→ **YOUR TASK**
Reproduce exactly the lines of the material beneath, from the line that contains "Acc Hp BAPE" to the line that contains "VW Polo V 6R", both included, and no other lines.

----------

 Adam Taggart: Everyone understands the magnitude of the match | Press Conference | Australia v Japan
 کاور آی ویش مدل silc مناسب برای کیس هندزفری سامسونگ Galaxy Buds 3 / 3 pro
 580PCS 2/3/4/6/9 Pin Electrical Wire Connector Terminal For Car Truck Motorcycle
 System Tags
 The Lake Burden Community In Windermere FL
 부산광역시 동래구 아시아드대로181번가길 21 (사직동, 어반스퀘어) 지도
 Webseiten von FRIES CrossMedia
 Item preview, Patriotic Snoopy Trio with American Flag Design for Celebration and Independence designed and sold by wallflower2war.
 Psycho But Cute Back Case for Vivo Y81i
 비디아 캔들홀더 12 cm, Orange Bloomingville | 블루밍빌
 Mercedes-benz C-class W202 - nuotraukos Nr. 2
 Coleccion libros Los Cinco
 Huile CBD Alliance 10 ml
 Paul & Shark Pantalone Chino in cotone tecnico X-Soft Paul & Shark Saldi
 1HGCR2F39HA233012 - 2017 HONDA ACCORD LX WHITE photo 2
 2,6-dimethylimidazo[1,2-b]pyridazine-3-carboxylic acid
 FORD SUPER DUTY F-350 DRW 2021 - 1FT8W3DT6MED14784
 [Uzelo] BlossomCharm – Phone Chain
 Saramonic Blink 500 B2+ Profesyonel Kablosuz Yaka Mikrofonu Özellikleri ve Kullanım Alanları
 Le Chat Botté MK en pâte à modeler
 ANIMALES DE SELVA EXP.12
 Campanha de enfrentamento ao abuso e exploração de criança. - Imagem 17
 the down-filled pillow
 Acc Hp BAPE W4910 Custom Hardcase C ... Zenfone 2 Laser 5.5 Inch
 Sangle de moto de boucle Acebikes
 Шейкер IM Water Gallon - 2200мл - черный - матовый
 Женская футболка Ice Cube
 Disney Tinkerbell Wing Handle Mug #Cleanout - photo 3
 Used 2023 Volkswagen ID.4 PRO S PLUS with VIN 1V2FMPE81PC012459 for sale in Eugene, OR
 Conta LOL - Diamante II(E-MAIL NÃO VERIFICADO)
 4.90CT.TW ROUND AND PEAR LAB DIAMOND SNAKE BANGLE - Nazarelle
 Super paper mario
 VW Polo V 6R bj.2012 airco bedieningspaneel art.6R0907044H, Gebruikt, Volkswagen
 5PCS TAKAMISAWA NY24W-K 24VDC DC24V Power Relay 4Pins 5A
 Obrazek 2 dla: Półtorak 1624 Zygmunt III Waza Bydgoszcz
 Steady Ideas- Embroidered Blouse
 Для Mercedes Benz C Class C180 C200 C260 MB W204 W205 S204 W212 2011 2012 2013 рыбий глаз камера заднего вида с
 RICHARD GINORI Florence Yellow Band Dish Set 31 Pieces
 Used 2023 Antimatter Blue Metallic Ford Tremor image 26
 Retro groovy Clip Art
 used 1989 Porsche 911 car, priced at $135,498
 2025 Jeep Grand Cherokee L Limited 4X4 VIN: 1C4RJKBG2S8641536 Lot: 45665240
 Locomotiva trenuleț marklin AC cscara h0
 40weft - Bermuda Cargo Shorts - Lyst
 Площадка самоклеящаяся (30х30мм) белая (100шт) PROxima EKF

----------

→ **ANSWER**
 Acc Hp BAPE W4910 Custom Hardcase C ... Zenfone 2 Laser 5.5 Inch
 Sangle de moto de boucle Acebikes
 Шейкер IM Water Gallon - 2200мл - черный - матовый
 Женская футболка Ice Cube
 Disney Tinkerbell Wing Handle Mug #Cleanout - photo 3
 Used 2023 Volkswagen ID.4 PRO S PLUS with VIN 1V2FMPE81PC012459 for sale in Eugene, OR
 Conta LOL - Diamante II(E-MAIL NÃO VERIFICADO)
 4.90CT.TW ROUND AND PEAR LAB DIAMOND SNAKE BANGLE - Nazarelle
 Super paper mario
 VW Polo V 6R bj.2012 airco bedieningspaneel art.6R0907044H, Gebruikt, Volkswagen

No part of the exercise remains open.